Season to taste with salt and a few drops of Tabasco sauce.
Crumble in the cubed Stilton.  The sauce will keep for up to an hour if kept in a pan in a warm place.

If there was such a thing as the perfect lunch then chunks of full flavoured, juicy steak, with just the right amount of chew; buttery rich hollandaise, punctuated by the salty nuggets of blue cheese, and a peppery, bright salad of watercress with shallot dressing might just be it. Just add a glass of rough vin rouge and bon apetit!
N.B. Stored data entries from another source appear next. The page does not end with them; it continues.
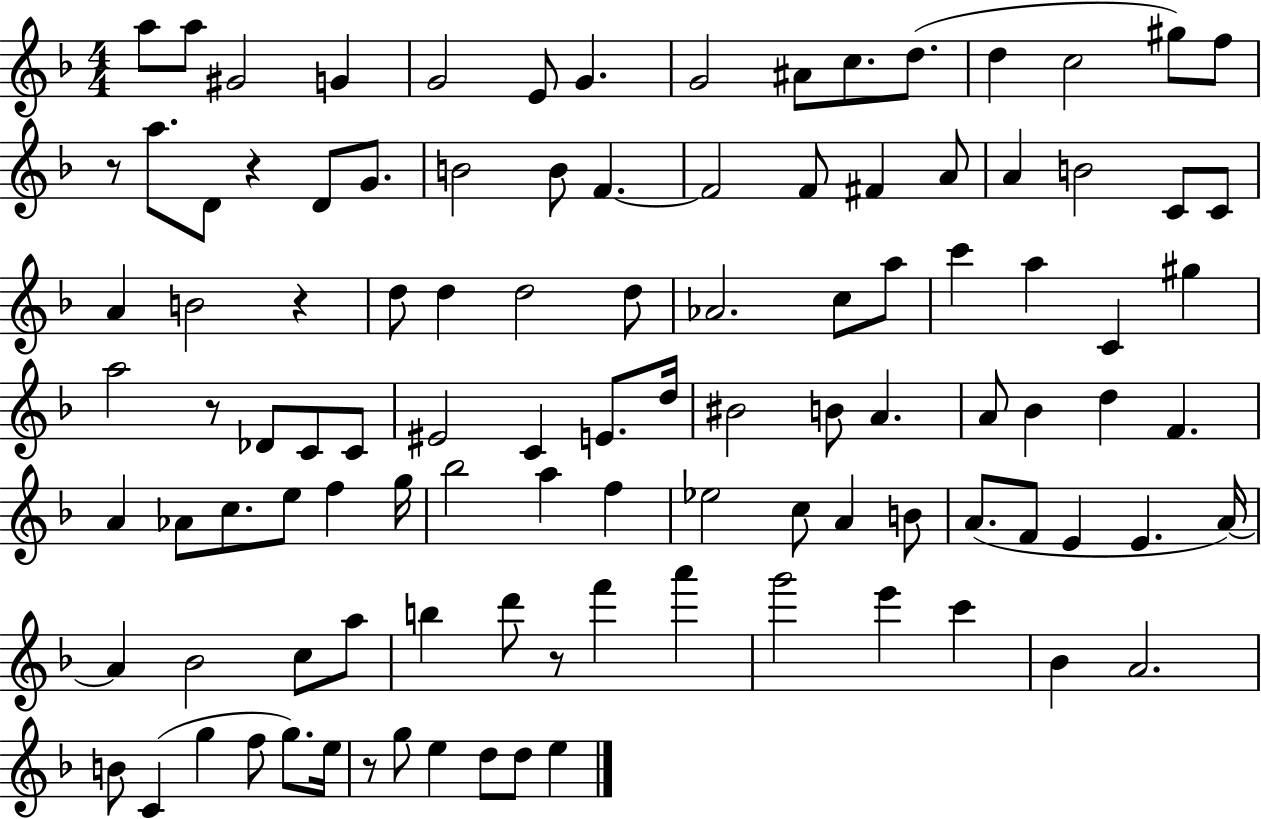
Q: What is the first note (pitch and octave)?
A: A5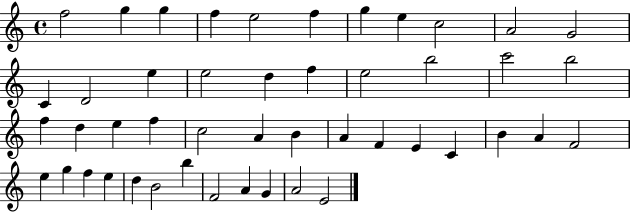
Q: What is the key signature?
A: C major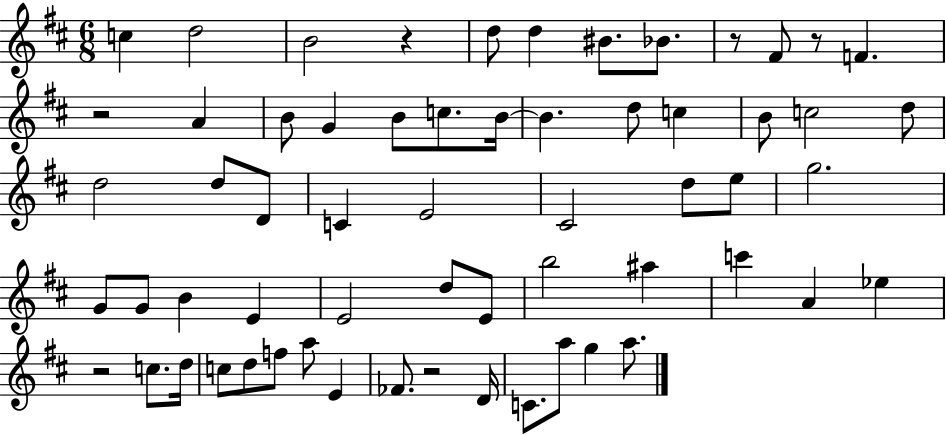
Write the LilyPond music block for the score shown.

{
  \clef treble
  \numericTimeSignature
  \time 6/8
  \key d \major
  \repeat volta 2 { c''4 d''2 | b'2 r4 | d''8 d''4 bis'8. bes'8. | r8 fis'8 r8 f'4. | \break r2 a'4 | b'8 g'4 b'8 c''8. b'16~~ | b'4. d''8 c''4 | b'8 c''2 d''8 | \break d''2 d''8 d'8 | c'4 e'2 | cis'2 d''8 e''8 | g''2. | \break g'8 g'8 b'4 e'4 | e'2 d''8 e'8 | b''2 ais''4 | c'''4 a'4 ees''4 | \break r2 c''8. d''16 | c''8 d''8 f''8 a''8 e'4 | fes'8. r2 d'16 | c'8. a''8 g''4 a''8. | \break } \bar "|."
}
Wednesday, 2 November 2011

Ham Bone Beans

To my mind there is little better to warm frozen fingers and toes after an evening huddled round the bonfire than a steaming bowlful of spicy, smoky ham and beans.  Not only is it a porky, pulse-laden joy to eat, it is also very easy to make and economical too.  The perfect wintery dish to stick on the back of the stove to quietly bubble away while you get on with other things.  Covered in the fridge it should last for four or five days (not that it ever lasts that long in our house), making it perfect to reheat for a quick  midweek lunch or supper.

This dish is based on the Boston Baked Beans from Hugh Fearnely-Whittingstall's Meat book.  It's a clever and frugal  recipe as it features the humble haricot bean as the star of the show, with the meat in a supporting role providing extra richness and depth. 

The original 'Beantown' version would have featured salt pork and molasses; here I have used the, very similar, black treacle and the end bone of a Parma ham,  picked up cheaply at my local Italian deli. The cured meat adds a rich salty/sweetness, but Hugh's recipe uses uncured pork belly, so I guess the choice is yours.  If you do use cured/salt bacon or pork then check before seasoning, as it will be much saltier than if you use green bacon or uncured pork. 

Ham Bone Beans

500g dried haricot beans
Meaty ham bone or piece of pork belly/bacon (approx. 300/400g) cut into 5cm cubes.
50g soft brown sugar
3 tbsp black treacle/molasses
2 tbsp English mustard
4 cloves
4 small onions, halved
1 tbsp Worcestershire sauce
2 tbsp tomato puree
A couple of bay leaves
Fresh black pepper

Soak the haricot beans overnight in cold water.
Drain and rinse beans, place in an ovenproof casserole, cover with fresh water and bring to the boil.  Boil hard for 10-15 minutes, than reduce heat and simmer for about an hour, until the beans are soft.
Pre-heat oven to 140c.
Stir sugar, treacle, mustard, tomato puree and Worcester sauce into beans. Stud the cloves into the onions and add along with the ham bone/pork/bacon, bay leaves and pepper.
Place lid on casserole and bake the beans in the oven for 2-3 hours.  Stir mixture, check for seasoning and then return to the oven, unlidded, for another hour until the sauce has thickened.
If using a ham bone, remove, shred the meat and return to the beans.

As well as being fab on its own, with crusty bread or piled atop a buttery baked potato, it also makes a good breakfast addition. Serve it as part of a full-on full English, or as a pimped up version of beans on toast.